## PROVIDED MATERIAL
┏━━

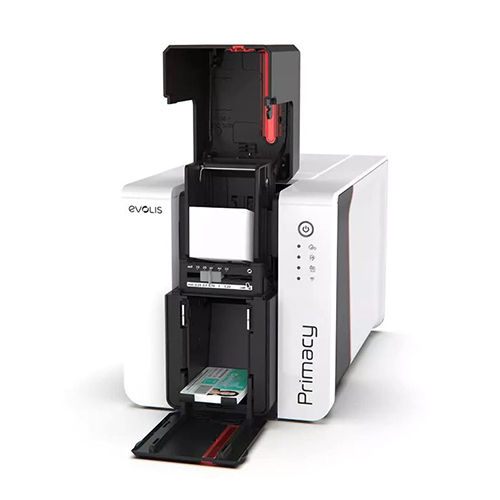 Evolis Primacy 2 Card Printer Application: Printing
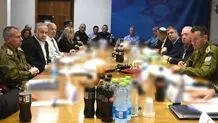 نشست اضطراری کابینه امنیتی اسرائیل برای بررسی توافق آتش‌بس در غزه 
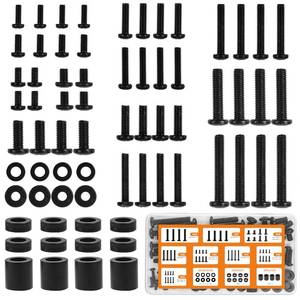lot 6431 image: Universal TV Mounting Hardware Screw Kit Set with Box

┗━━

Transcribe everything above exactly. Do not include the pictures.

## EXERCISE RESULT
 Evolis Primacy 2 Card Printer Application: Printing
 نشست اضطراری کابینه امنیتی اسرائیل برای بررسی توافق آتش‌بس در غزه 
lot 6431 image: Universal TV Mounting Hardware Screw Kit Set with Box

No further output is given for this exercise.